*** Opening SOURCE DATA ***

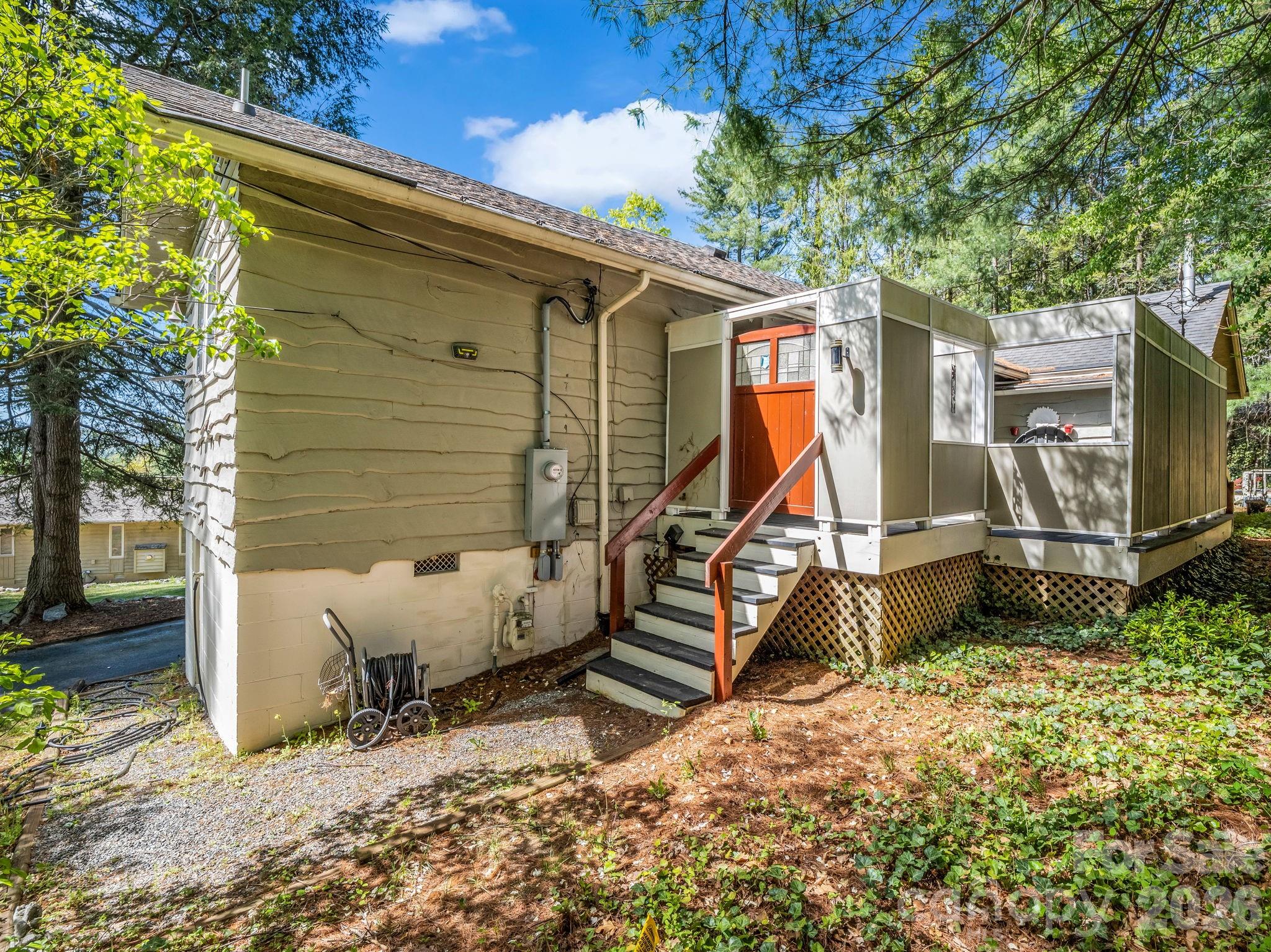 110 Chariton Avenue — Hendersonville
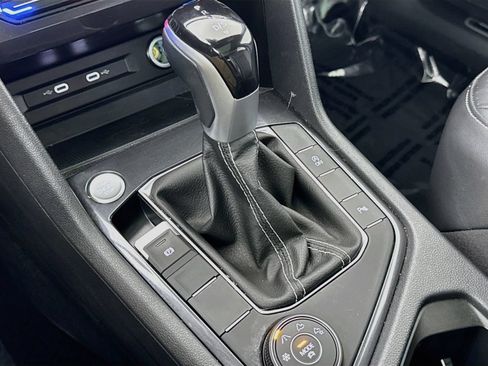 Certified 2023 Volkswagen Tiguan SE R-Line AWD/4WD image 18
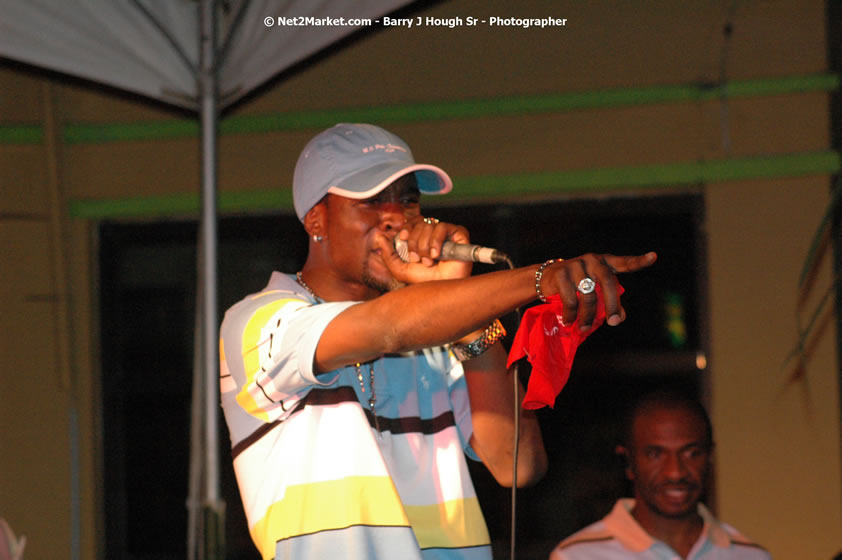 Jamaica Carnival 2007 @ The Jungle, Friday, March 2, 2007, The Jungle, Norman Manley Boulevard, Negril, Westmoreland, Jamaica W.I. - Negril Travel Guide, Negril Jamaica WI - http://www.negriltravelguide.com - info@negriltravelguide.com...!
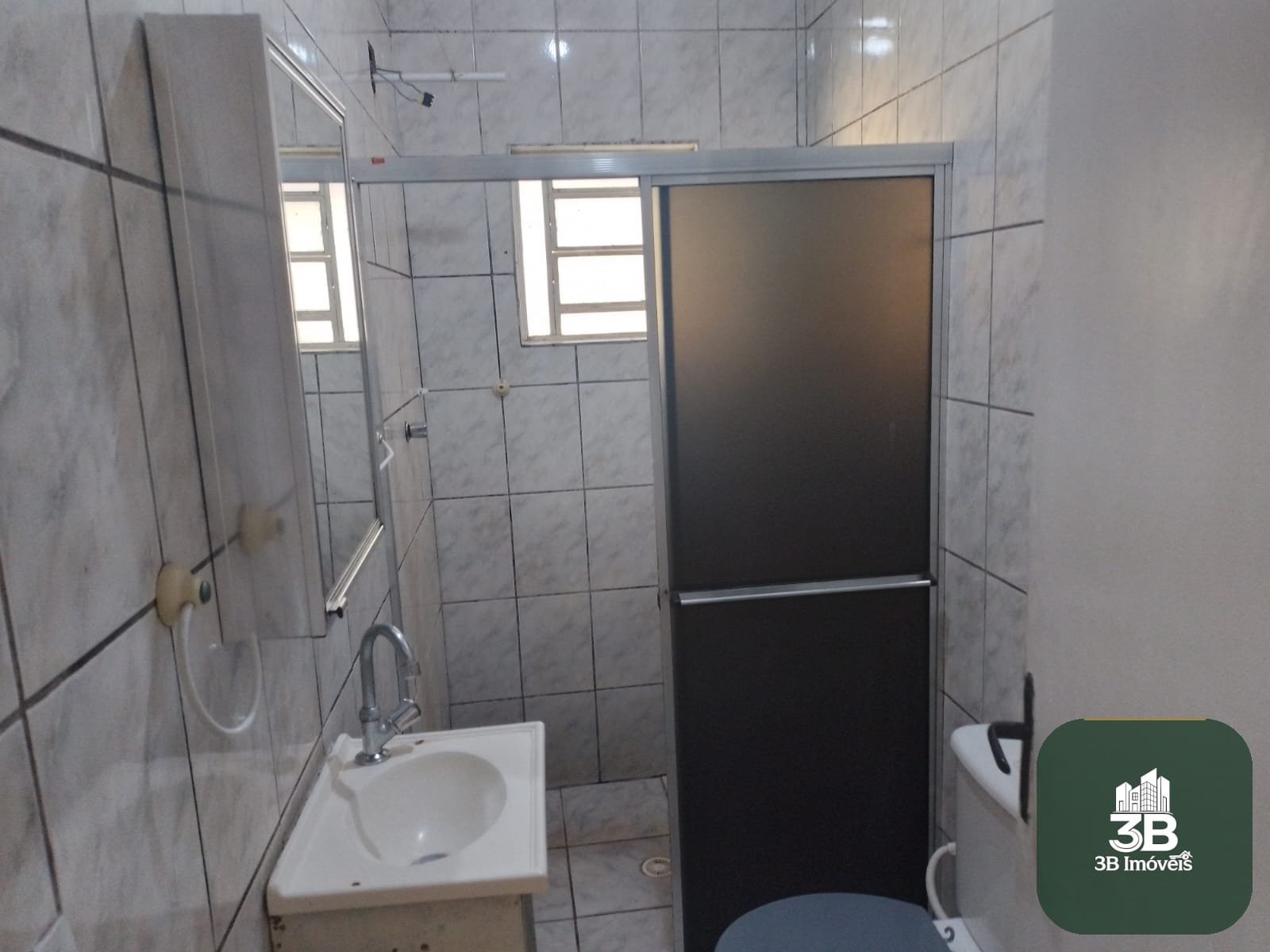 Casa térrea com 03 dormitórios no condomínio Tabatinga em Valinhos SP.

*** Closing SOURCE DATA ***
*** Opening SOURCE DATA ***

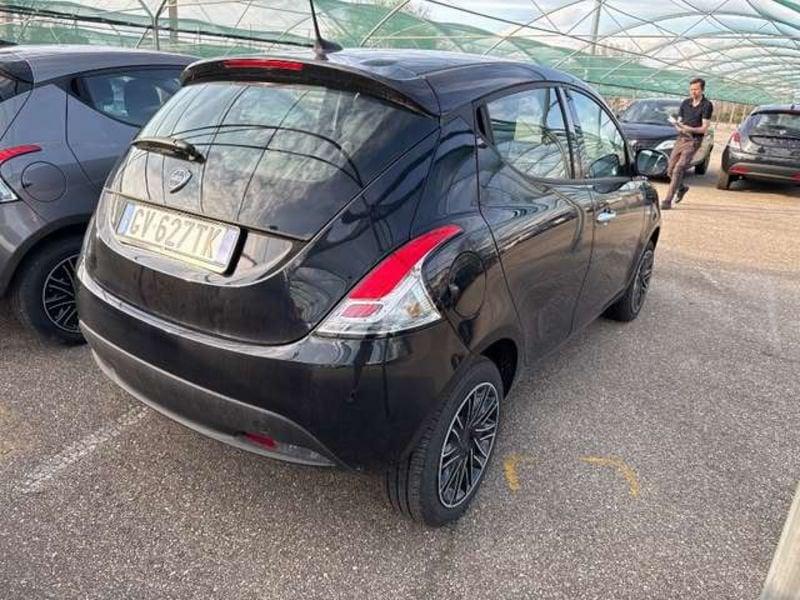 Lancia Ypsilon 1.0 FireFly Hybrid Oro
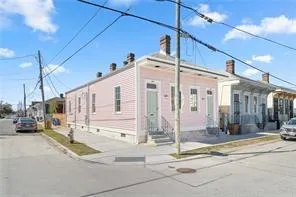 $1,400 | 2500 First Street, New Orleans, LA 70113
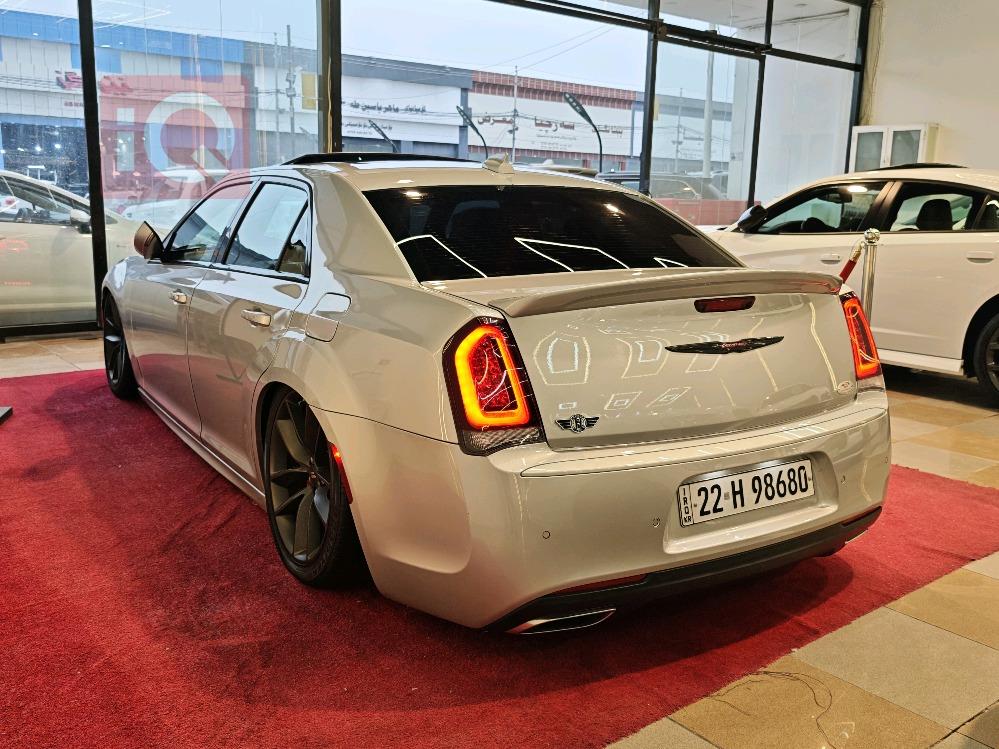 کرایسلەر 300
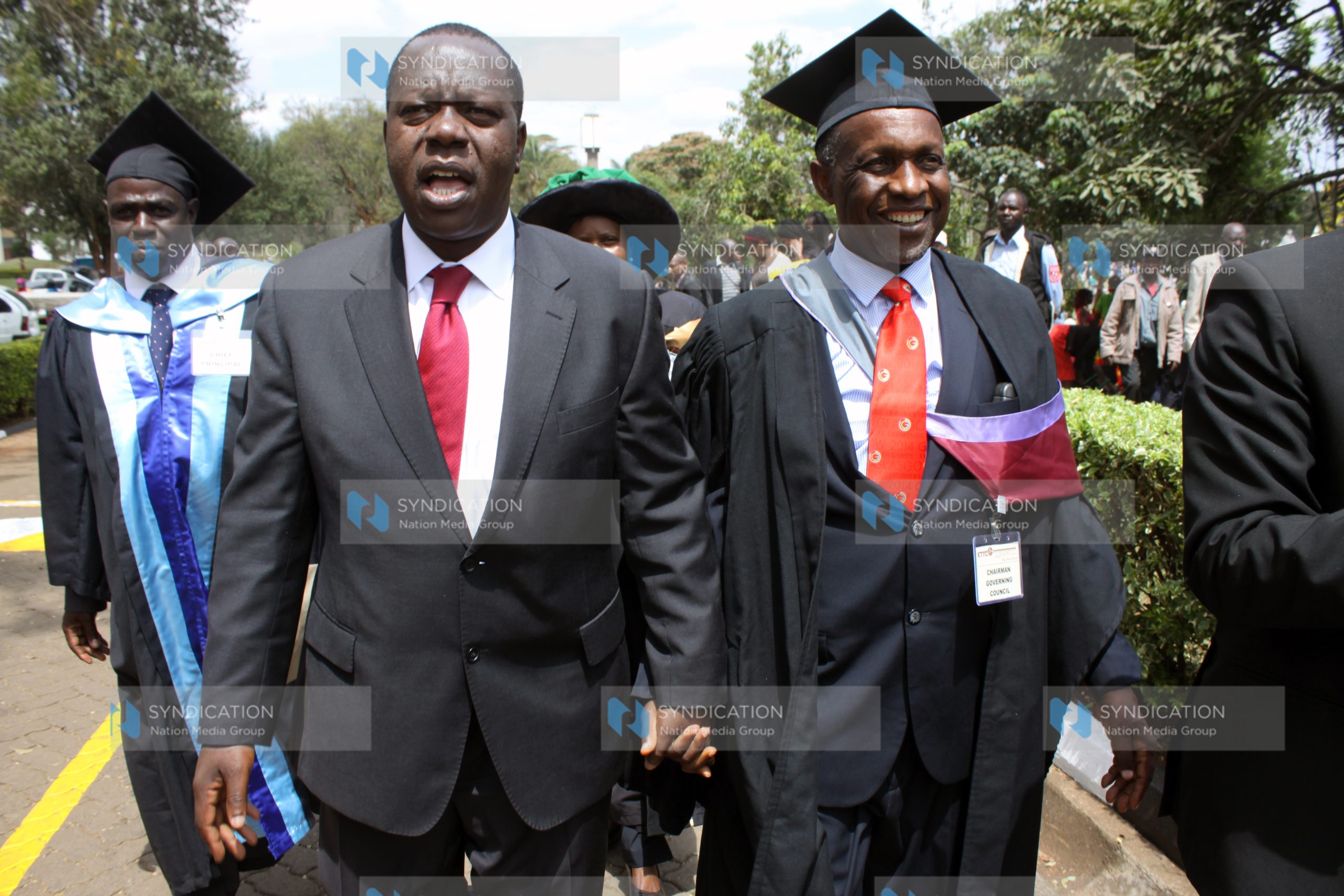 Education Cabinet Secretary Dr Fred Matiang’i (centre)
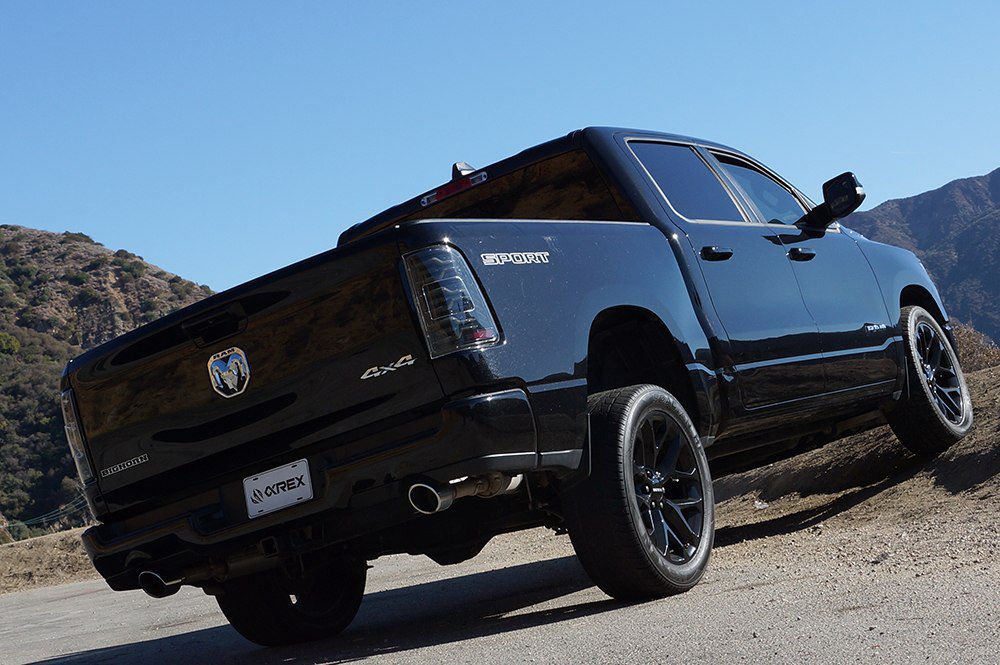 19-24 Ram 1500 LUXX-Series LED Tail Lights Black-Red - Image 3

*** Closing SOURCE DATA ***
*** Opening SOURCE DATA ***

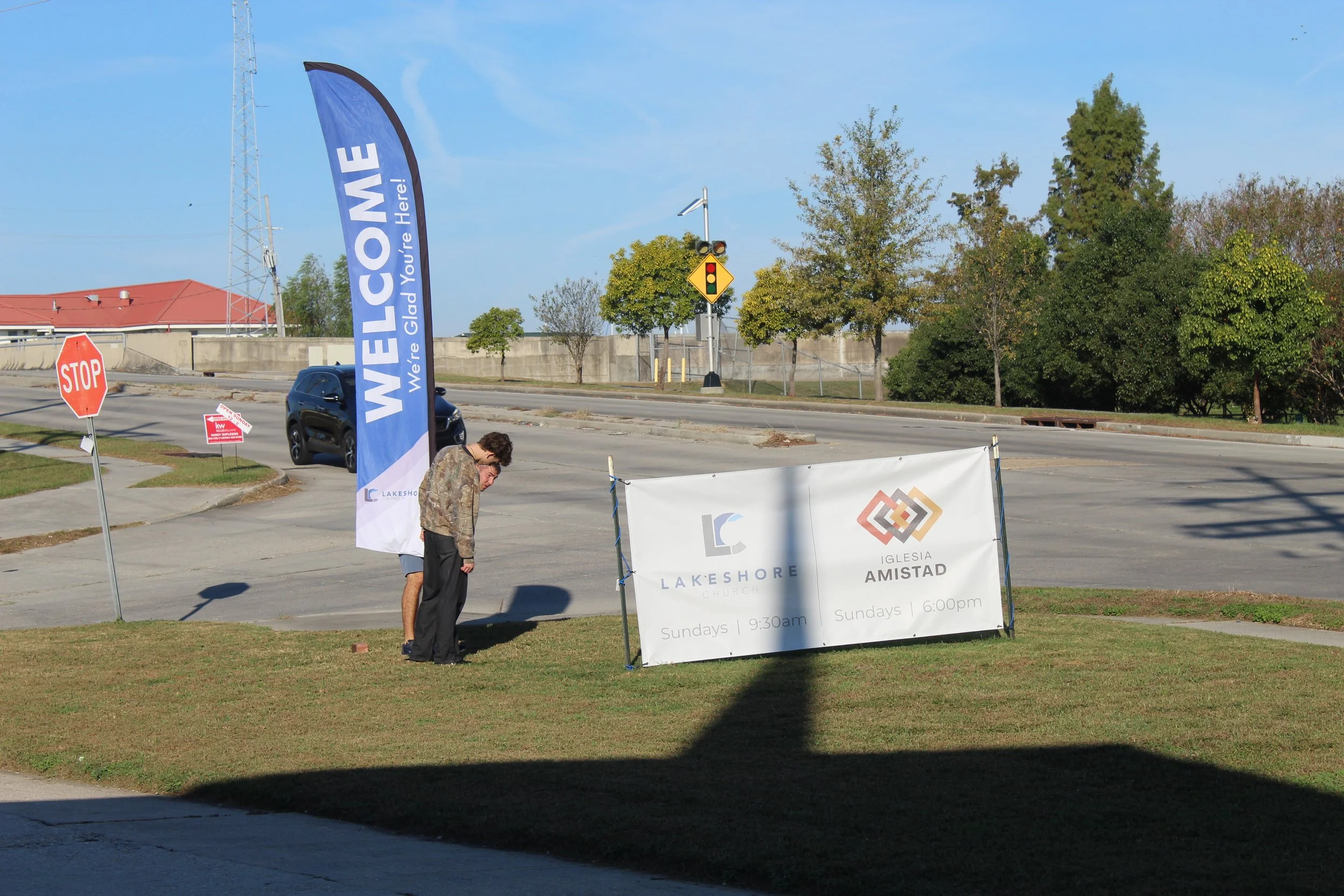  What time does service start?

*** Closing SOURCE DATA ***

**WORK INSTRUCTION:**
With pictures excluded, reproduce exactly the lines above from the one containing "Certified 2023 Volkswagen" down to the one containing "Casa térrea com", those two included.

**RESPONSE AREA:**
 Certified 2023 Volkswagen Tiguan SE R-Line AWD/4WD image 18
 Jamaica Carnival 2007 @ The Jungle, Friday, March 2, 2007, The Jungle, Norman Manley Boulevard, Negril, Westmoreland, Jamaica W.I. - Negril Travel Guide, Negril Jamaica WI - http://www.negriltravelguide.com - info@negriltravelguide.com...!
 Casa térrea com 03 dormitórios no condomínio Tabatinga em Valinhos SP.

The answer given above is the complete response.